* [Information supplied]:
════════════════════
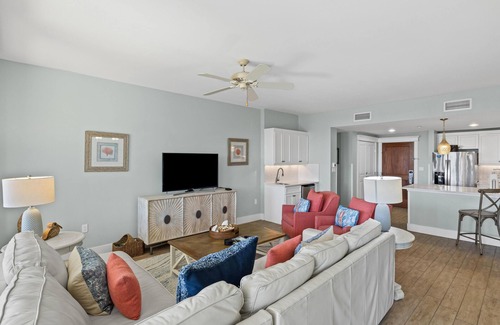 Baytowne Wharf Condo | Bayfront Views at Grand Complex Serenity in Sandestin Resort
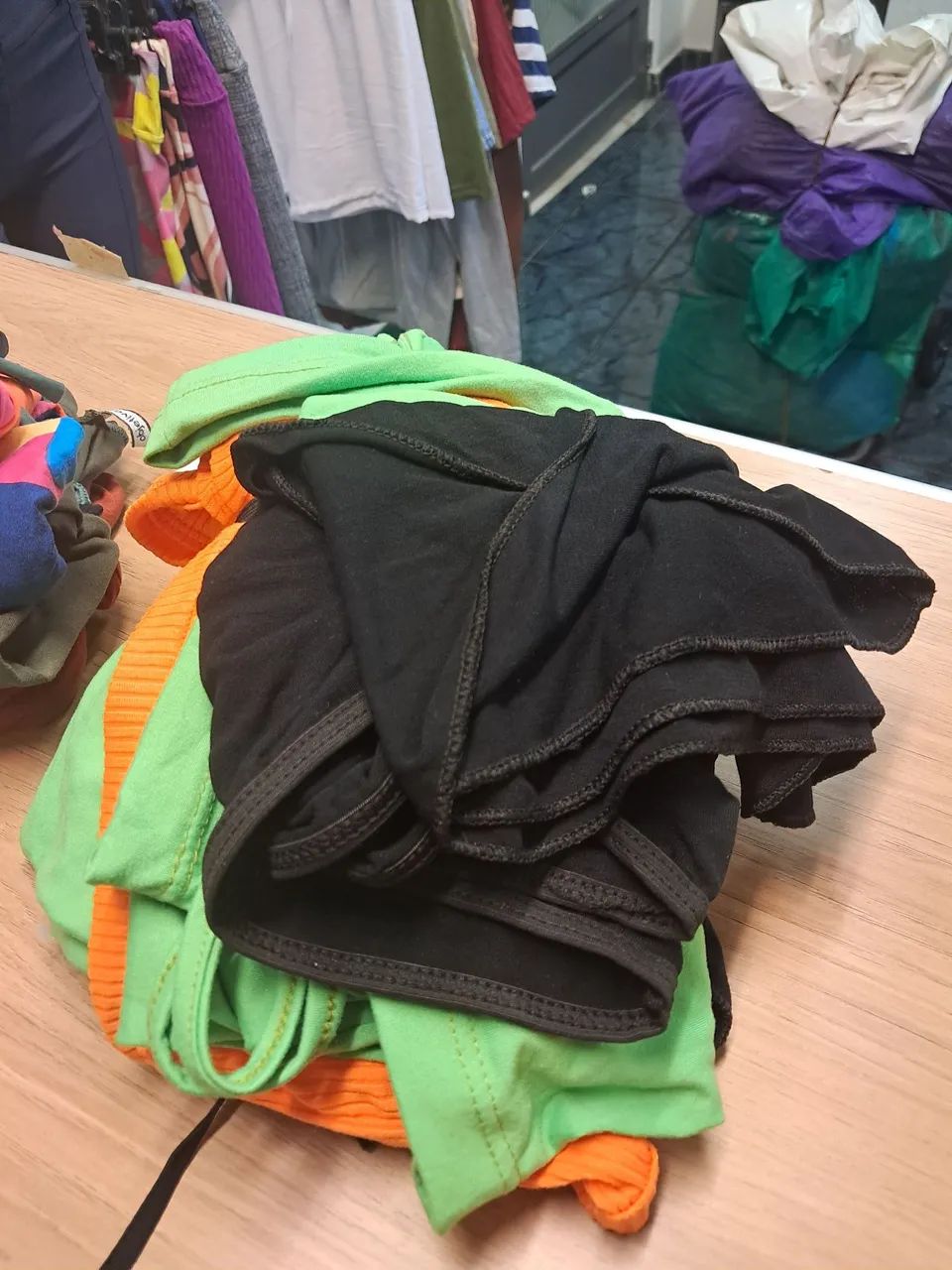 Roupas com defeito de fabreca so 1.00 - Foto 5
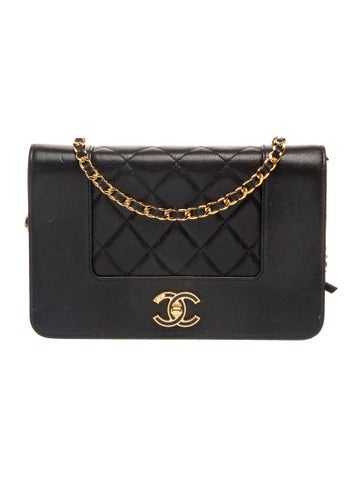 Mademoiselle Vintage Wallet on Chain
════════════════════
* [What you are asked to do]:
Send back every line above exactly, skipping all pictures.

* [Completed exercise]:
 Baytowne Wharf Condo | Bayfront Views at Grand Complex Serenity in Sandestin Resort
 Roupas com defeito de fabreca so 1.00 - Foto 5
 Mademoiselle Vintage Wallet on Chain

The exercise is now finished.